* Data section *
- Opening Delimiter -
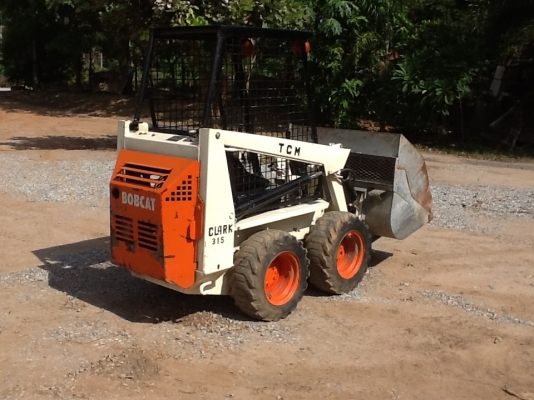 ขายรถตักbobcat. 315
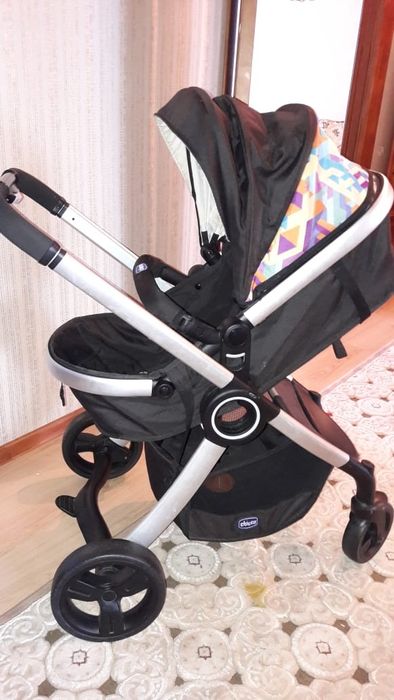 Коляска   chicco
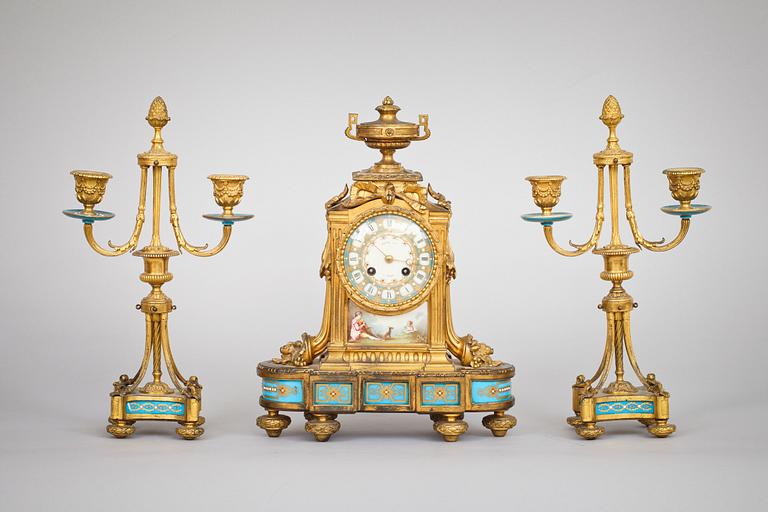 BORDSGARNITYR, 3 delar, Louis XVI-stil, urtavlan märk Raingo Frès, Paris, omkr 1900.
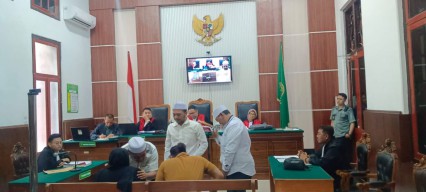 Istri Munif Korban Pembunuhan Maafkan Terdakwa di Ruang Sidang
- Closing Delimiter -
* About this exercise *
Apart from the images, print all the material above exactly as given.

* Solution below *
 ขายรถตักbobcat. 315
 Коляска   chicco
 BORDSGARNITYR, 3 delar, Louis XVI-stil, urtavlan märk Raingo Frès, Paris, omkr 1900.
 Istri Munif Korban Pembunuhan Maafkan Terdakwa di Ruang Sidang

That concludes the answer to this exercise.